Mathematics is "the Queen of Sciences" doc.


btw - Stephen Hawking has his own 73 -


We now know that every particle has an antiparticle, with which it can annihilate. There could be whole antiworlds and antipeople made out of antiparticles. However, if you meet your antiself, don't shake hands! You would both vanish in a great flash of light. 'quote #73 from A Brief History Of Time'



- which kinda nixes the anti-73 theory I've been working on...

Sorry Maxxi, but I cannot understand the thumbs up. It is a cheap cartoon and you are showing your ignorance by endorsing it.


Yes, there is a purity in mathematics up to a certain level. After which it becomes so theeoretical as to verge on pure theory - ie no more reliable than pure belief, religion, theology.


If you have to postulate 11 dimensions in order to explain the possibilbily of multiple universes you have a serious problem.


The theory may be correct, but as nobody can test it it cannot be a science.

I don't think you understood the cartoon silverfox. The whole idea is that 'applied' sciences are to the left, and 'pure' theoretical sciences are too the right.


The cartoon is making a joke that mathematics is so theoretical, so 'pure' that it's out of sight of the other sciences.


That's the joke.

silverfox Wrote:

-------------------------------------------------------

> Sorry Maxxi, but I cannot understand the thumbs

> up.
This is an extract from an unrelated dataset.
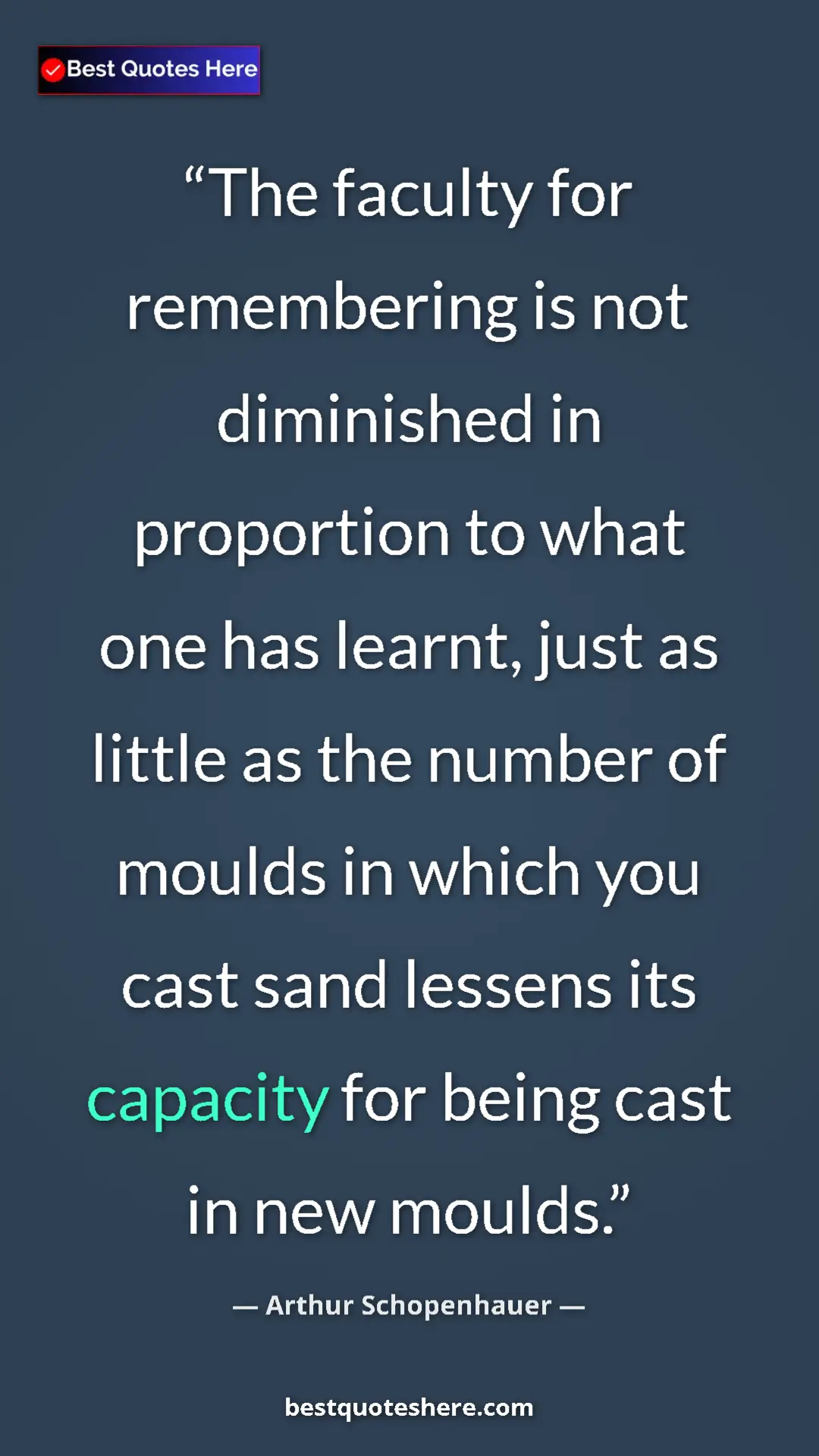 Pinterest quote poster by Arthur Schopenhauer: "The faculty for remembering is not diminished in proportion..."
It is a cheap cartoon and you are showing your

> ignorance by endorsing it.

>

> Yes, there is a purity in mathematics up to a

> certain level. After which it becomes so

> theeoretical as to verge on pure theory - ie no

> more reliable than pure belief, religion,

> theology.

>

> If you have to postulate 11 dimensions in order to

> explain the possibilbily of multiple universes you

> have a serious problem.

>

> The theory may be correct, but as nobody can test

> it it cannot be a science.



v^2/2 + P/p + g*h ............. (or whoosh to you).


(tu)(tu)(tu)

silverfox Wrote:

-------------------------------------------------------


> If you have to postulate 11 dimensions in order to

> explain the possibilbily of multiple universes you

> have a serious problem.


I think the difficulty may simply be that you don't understand, so you think it must be nonsense.

silverfox Wrote:

-------------------------------------------------------

> If you have to postulate 11 dimensions in order to

> explain the [possibility] of multiple universes you

> have a serious problem.


A problem you appear to have created by conflating two or more unrelated hypotheses.


11 dimensions = M-Theory (an amalgam of five types of string theory) that postulates 10^500 possible "landscapes".


Multiple universes = many-worlds and several other theories, none of which postulate how many dimensions there may be.